Gli universitari sarebbero una casta che nega di essere tale e che si offende ingiustamente, secondo il giornalista di Libero, davanti a semplici constatazioni. Come quando l’ex ministro Fornero definì i giovani italiani choosy, schizzinosi, verso il mondo del lavoro. O come quando la sua collega Cancellieri li chiamò “mammoni“. O, infine, quando l’ex viceministro Martone non ebbe dubbi nel definire uno studente 28enne non ancora laureato “uno sfigato“.
Ma, scrive Facci, i rilievi mossi sarebbero tutt’altro che immotivati e ingiuriosi, visto che nel nostro Paese l’età media alla laurea è 27 anni, mentre nel resto d’Europa è di 24. E, come ha recentemente sottolineato anche il governatore di Bankitalia Visco, il nostro livello di istruzione è assai indietro rispetto a quello degli altri Paesi avanzati. Come se non bastasse, il giornalista di Libero spiega che i nostri sarebbero gli studenti “con meno mobilità al mondo”, dal momento che l’80 per cento di loro sarebbe addirittura iscritto in un ateneo della stessa regione di residenza. E, che chiamarli “mammoni” è più che giusto, visto che 5 italiani su 10 di età compresa tra i 25 e i 34 anni vivrebbero ancora coi genitori.
I nostri universitari – o almeno, quelli tra loro che scendono in piazza “col fegato di sostenere che gli stanno rubando il futuro” – sarebbero per Facci un gruppo di privilegiati che “hanno scambiato la condizione studentesca per un parcheggio post-puberale” e pensano che una professione e l’emancipazione siano diritti, non conquiste. In sintesi, dei “poveracci che siamo riusciti a rovinare con la scusa di proteggerli”.
Gli studenti sarebbero una casta privilegiata e “patetica”, in quanto ognuno di loro costa allo Stato più di quel che paga in tasse universitarie, “soltanto mille o duemila euro l’anno” a fronte dei settemila che l’erario sborserebbe per ogni iscritto all’università, in media.

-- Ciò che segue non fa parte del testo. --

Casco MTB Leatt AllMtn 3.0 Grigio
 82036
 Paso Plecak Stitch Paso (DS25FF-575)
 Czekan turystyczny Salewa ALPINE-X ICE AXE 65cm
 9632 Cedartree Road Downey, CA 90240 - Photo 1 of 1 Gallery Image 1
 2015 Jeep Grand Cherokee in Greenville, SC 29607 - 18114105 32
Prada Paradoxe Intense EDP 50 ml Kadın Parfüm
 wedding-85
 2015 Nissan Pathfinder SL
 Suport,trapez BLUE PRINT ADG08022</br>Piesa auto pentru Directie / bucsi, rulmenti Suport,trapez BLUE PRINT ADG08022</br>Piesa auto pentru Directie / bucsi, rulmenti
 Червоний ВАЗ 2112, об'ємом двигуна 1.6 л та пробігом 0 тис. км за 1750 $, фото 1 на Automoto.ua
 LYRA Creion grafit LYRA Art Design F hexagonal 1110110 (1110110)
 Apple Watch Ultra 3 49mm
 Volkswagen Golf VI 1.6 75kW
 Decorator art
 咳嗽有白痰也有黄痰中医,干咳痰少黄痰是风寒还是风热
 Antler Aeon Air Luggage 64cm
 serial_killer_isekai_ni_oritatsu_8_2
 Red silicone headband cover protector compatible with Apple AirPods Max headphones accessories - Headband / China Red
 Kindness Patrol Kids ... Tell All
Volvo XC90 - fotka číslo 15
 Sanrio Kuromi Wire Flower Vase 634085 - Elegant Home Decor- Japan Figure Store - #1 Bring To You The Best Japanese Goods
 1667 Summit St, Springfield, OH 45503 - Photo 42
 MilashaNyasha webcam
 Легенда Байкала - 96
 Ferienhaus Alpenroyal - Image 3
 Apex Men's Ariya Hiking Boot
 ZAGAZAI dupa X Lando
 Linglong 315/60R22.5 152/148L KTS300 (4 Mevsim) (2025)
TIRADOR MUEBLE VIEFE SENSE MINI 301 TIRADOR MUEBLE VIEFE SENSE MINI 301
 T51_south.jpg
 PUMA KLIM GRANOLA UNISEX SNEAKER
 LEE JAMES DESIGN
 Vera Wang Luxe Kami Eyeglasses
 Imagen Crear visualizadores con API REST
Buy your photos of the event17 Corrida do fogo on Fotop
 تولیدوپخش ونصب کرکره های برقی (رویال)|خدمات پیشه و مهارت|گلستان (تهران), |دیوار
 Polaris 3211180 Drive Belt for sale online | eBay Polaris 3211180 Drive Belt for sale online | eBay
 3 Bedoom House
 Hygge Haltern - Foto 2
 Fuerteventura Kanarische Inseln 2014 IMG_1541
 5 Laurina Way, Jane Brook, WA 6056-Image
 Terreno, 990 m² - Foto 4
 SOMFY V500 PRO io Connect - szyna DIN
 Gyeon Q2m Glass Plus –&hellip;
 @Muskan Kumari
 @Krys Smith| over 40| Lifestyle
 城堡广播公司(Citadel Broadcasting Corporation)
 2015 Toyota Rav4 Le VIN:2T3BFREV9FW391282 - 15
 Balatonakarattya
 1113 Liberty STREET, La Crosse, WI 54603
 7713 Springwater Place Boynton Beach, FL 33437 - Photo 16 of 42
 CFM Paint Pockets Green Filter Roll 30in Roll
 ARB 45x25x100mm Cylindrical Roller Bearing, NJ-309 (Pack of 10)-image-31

Perché, continua Facci, “una casta è proprio questo, il privilegio di una minoranza a spese di una maggioranza”.
Che si sia d’accordo o meno con il giornalista di Libero, resta il fatto che il lavoro è davvero un diritto sancito dalla nostra Costituzione, e che i soldi che lo Stato spende per fornire ai nostri giovani un’istruzione universitaria sono un investimento sul futuro del Paese.